REPUBLIKA.CO.ID, JAKARTA -- Direktur Rujak Center for Urban Sudies Elisa Setanud Jaja menilai hadirnya skuter listrik di Jakarta tidak relevan dengan kebutuhan mobilitas masyarakat. Sebab keberadaan skuter listrik tetap dekat di sekitar halte transportasi umum yang jaraknya tidak berjauhan.
"Memang skuter listrik ini lebih kepada memanfaatkan kebutuhan rekreasi masyarakat Jakarta untuk mendapatkan keuntungan," kata Elisa di Jakarta, Kamis (28/11).

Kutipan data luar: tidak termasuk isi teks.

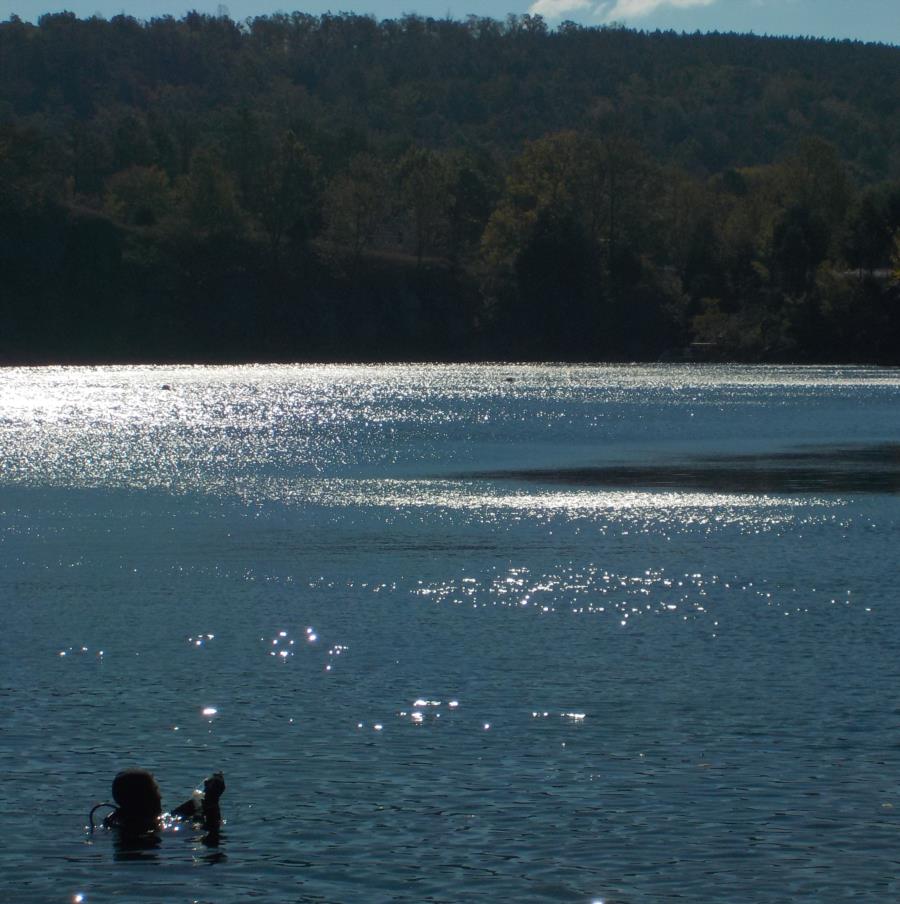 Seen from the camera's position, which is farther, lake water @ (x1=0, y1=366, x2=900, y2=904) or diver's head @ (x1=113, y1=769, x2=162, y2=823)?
diver's head @ (x1=113, y1=769, x2=162, y2=823)

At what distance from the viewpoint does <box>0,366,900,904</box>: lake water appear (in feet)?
67.8

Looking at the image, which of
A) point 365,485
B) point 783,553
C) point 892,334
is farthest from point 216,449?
point 892,334

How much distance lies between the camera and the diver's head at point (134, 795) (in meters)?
21.7

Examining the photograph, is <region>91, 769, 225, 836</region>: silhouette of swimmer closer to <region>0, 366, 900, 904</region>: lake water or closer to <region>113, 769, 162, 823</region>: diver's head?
<region>113, 769, 162, 823</region>: diver's head

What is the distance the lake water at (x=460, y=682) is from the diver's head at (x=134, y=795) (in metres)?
0.55

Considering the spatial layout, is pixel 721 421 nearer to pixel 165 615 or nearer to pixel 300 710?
pixel 165 615

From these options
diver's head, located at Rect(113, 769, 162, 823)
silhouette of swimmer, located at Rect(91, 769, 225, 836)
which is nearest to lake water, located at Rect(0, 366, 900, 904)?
silhouette of swimmer, located at Rect(91, 769, 225, 836)

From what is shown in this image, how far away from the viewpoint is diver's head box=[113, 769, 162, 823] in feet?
71.2

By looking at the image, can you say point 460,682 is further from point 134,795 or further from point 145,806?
point 134,795

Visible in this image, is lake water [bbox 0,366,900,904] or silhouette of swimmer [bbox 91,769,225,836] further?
silhouette of swimmer [bbox 91,769,225,836]

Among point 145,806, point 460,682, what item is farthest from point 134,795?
point 460,682

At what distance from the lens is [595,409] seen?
4818 inches

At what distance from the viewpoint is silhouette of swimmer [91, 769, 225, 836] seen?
71.2ft

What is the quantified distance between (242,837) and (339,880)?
207 cm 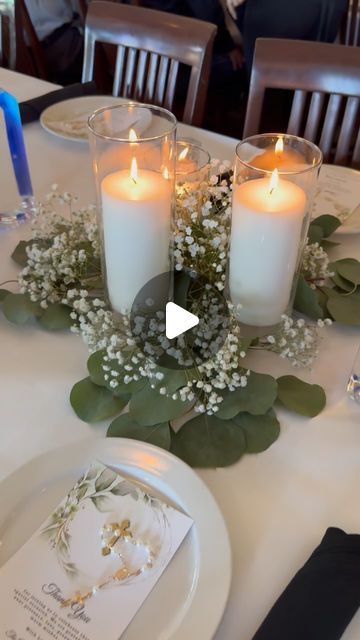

Belum adanya regulasi resmi penggunaan skuter listrik, Elisa menilai seharusnya penggunaan skuter listrik harus terisolasi. Lebih tepatnya, kata dia, ada di kawasan tertentu yang tidak akan menggangu pengguna jalan lainnya seperti mobil, motor, dan terutama pejalan kaki.
"Misalnya memasukan skuter listrik ini untuk mahasiswanya berpindah gedung di kawasan kampus. Tapi ini juga perlu studi panjang tidak begitu saja dilakukan," tutur Elisa.
Kalau berkaca dengan negara lain, kata Elisa, skuter listrik yang saat ini sudah beroperasi di Jakarta tidak ada hubungannya dengan kebutuhan mobilitas. Elisa mengatakan lebih baik memaksimalkan transportasi umum yang ada saat ini serta jalan kaki yang tidak menghasilkan polusi.
Sementara itu, Pengamat ekonomi Universitas Airlangga sekaligus Ketua Peneliti Research Institute of Socio Economic Development (RISED) Rumaya Batubara mengungkapkan tujuan penggunaan skuter listrik di Jakarta 65,2 persen diantaranya hanya untuk rekreasi. Sementara 34,8 persen baru untuk kepentingan transportasi.
"Ini memperlihatkan kalau skuter listrik belum dianggap sebagai alat transportasi oleh responden," jelas Rumaya.